With the nights growing longer and the autumn chill slinking in, a young
person’s thoughts turn to Halloween. My thoughts, however, turn to the haunting body of work by Shirley Jackson. So my Five Star Friday recommendation includes not only her provocative short story “The Lottery” but the white-knuckle novel The Haunting of Hill House.
I admit when I taught my middle school students “The Lottery” it was with the intent to identify foreshadowing and other literary devices. But it was also a terrific commentary on the results superstition and not questioning tradition.
And while a ritual human sacrifice at the hands of a violent community is pretty dog-gone scary, the actual ghosts in The Haunting of Hill House can cause scream-out-loud nightmares. But Jackson’s short stories and novels are more than just horror stories. One of the reasons I taught “The Lottery” was for its distinctive imagery and layered meanings.

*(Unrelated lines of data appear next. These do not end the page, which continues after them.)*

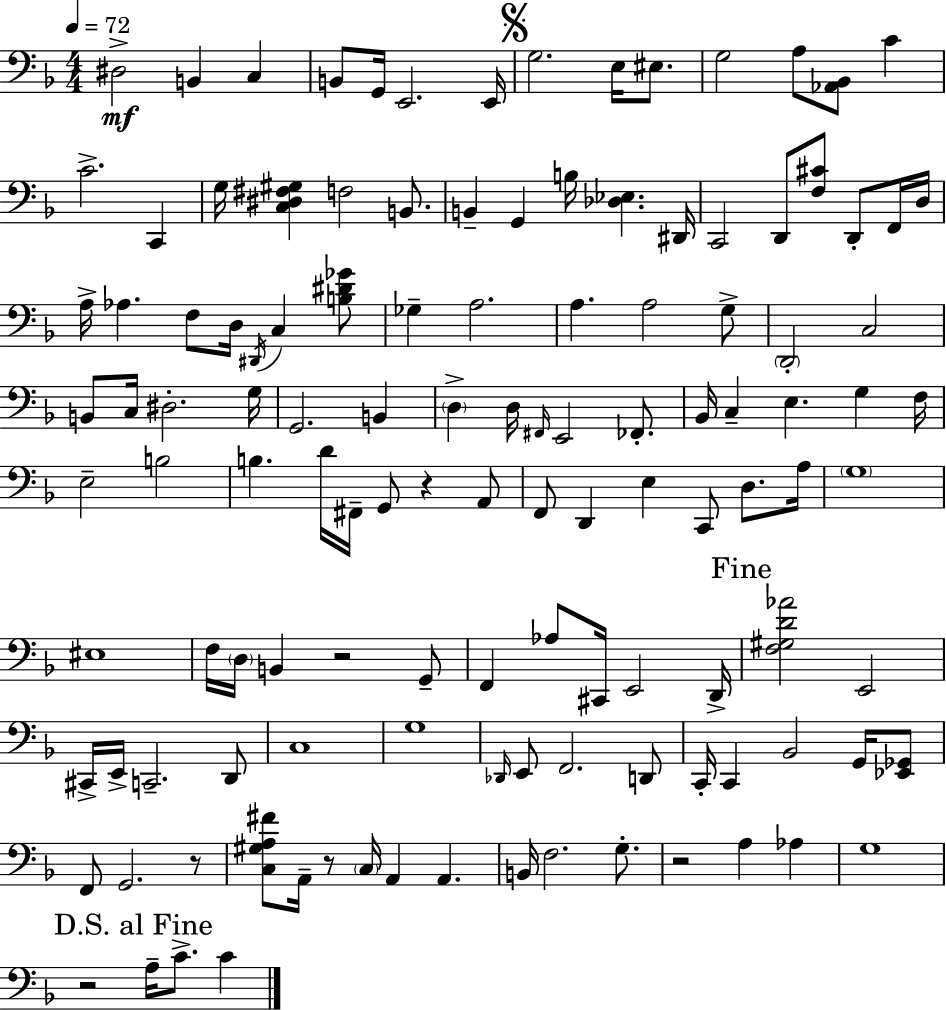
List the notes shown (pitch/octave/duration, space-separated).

D#3/h B2/q C3/q B2/e G2/s E2/h. E2/s G3/h. E3/s EIS3/e. G3/h A3/e [Ab2,Bb2]/e C4/q C4/h. C2/q G3/s [C3,D#3,F#3,G#3]/q F3/h B2/e. B2/q G2/q B3/s [Db3,Eb3]/q. D#2/s C2/h D2/e [F3,C#4]/e D2/e F2/s D3/s A3/s Ab3/q. F3/e D3/s D#2/s C3/q [B3,D#4,Gb4]/e Gb3/q A3/h. A3/q. A3/h G3/e D2/h C3/h B2/e C3/s D#3/h. G3/s G2/h. B2/q D3/q D3/s F#2/s E2/h FES2/e. Bb2/s C3/q E3/q. G3/q F3/s E3/h B3/h B3/q. D4/s F#2/s G2/e R/q A2/e F2/e D2/q E3/q C2/e D3/e. A3/s G3/w EIS3/w F3/s D3/s B2/q R/h G2/e F2/q Ab3/e C#2/s E2/h D2/s [F3,G#3,D4,Ab4]/h E2/h C#2/s E2/s C2/h. D2/e C3/w G3/w Db2/s E2/e F2/h. D2/e C2/s C2/q Bb2/h G2/s [Eb2,Gb2]/e F2/e G2/h. R/e [C3,G#3,A3,F#4]/e A2/s R/e C3/s A2/q A2/q. B2/s F3/h. G3/e. R/h A3/q Ab3/q G3/w R/h A3/s C4/e. C4/q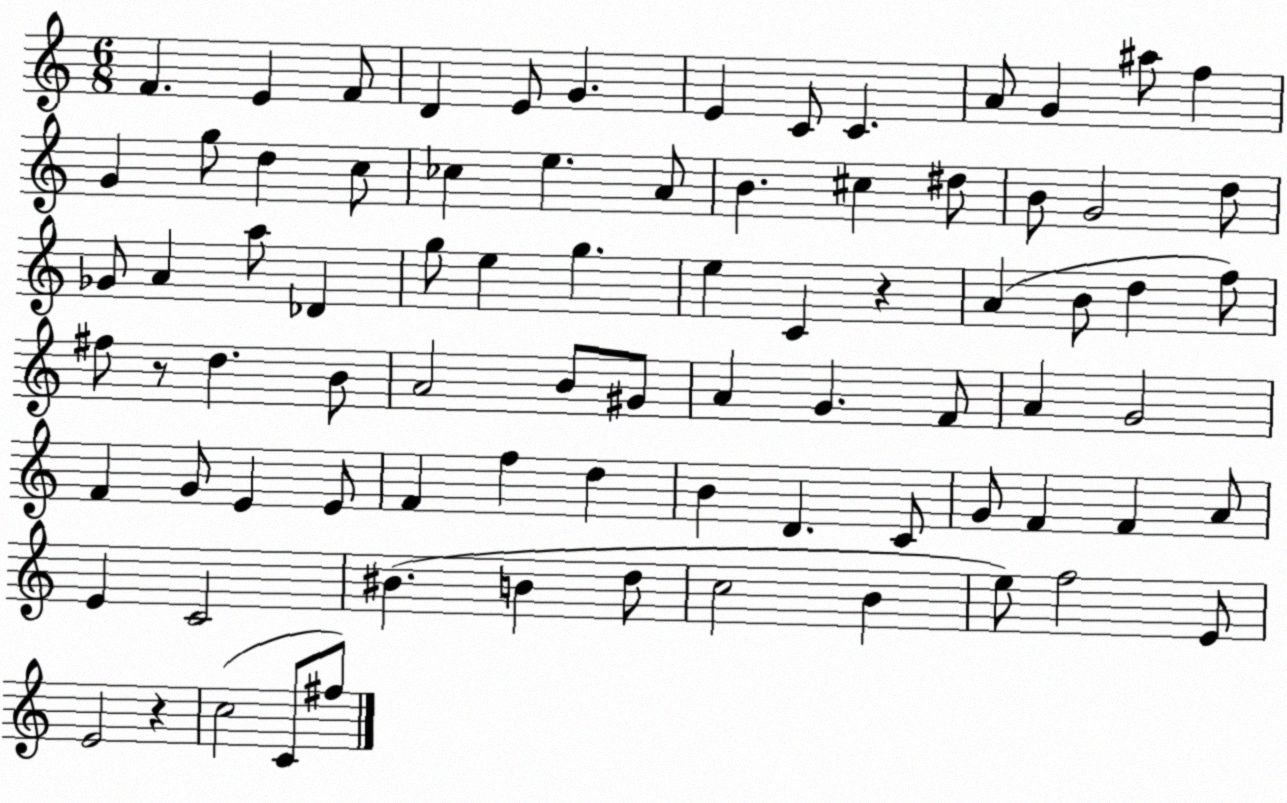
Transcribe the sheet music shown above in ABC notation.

X:1
T:Untitled
M:6/8
L:1/4
K:C
F E F/2 D E/2 G E C/2 C A/2 G ^a/2 f G g/2 d c/2 _c e A/2 B ^c ^d/2 B/2 G2 d/2 _G/2 A a/2 _D g/2 e g e C z A B/2 d f/2 ^f/2 z/2 d B/2 A2 B/2 ^G/2 A G F/2 A G2 F G/2 E E/2 F f d B D C/2 G/2 F F A/2 E C2 ^B B d/2 c2 B e/2 f2 E/2 E2 z c2 C/2 ^f/2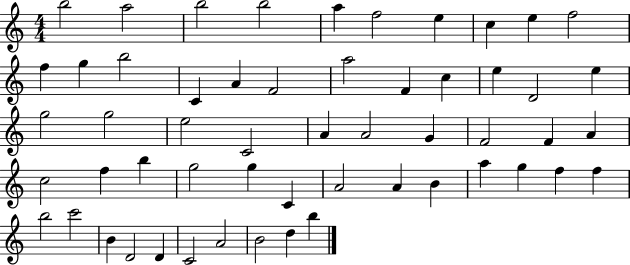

In her review of a new Jackson biography, Shirley Jackson: A Rather Haunted Life by Ruth Franklin, New York Times writer Zoe Heller wrote:
“There’s no question that, in [Jackson’s] books, the house is a deeply ambiguous symbol—a place of warmth and security and also one of imprisonment and catastrophe. But the evil that lurks in Jackson’s fair-seeming homes is not housework; it’s other people—husbands, neighbors, mothers, hellbent on squashing and consuming those they profess to care for. And what keeps women inside these ghastly places is not societal pressure, or a patriarchal jailer, but the demon in their own minds. In this sense, Jackson’s work is less an anticipation of second-wave feminism than a conversation with her female forebears in the gothic tradition.”
Fortunately, there are many options for reading The Haunting of Hill House, “The Lottery” or the many other works by Jackson. For example, in Scary Stories “The Lottery” is one of 20 works by a variety of authors and illustrated by engravings by distinguished artist Barry Moser.
The Haunting of Hill House can be read in hard cover or as an ebook.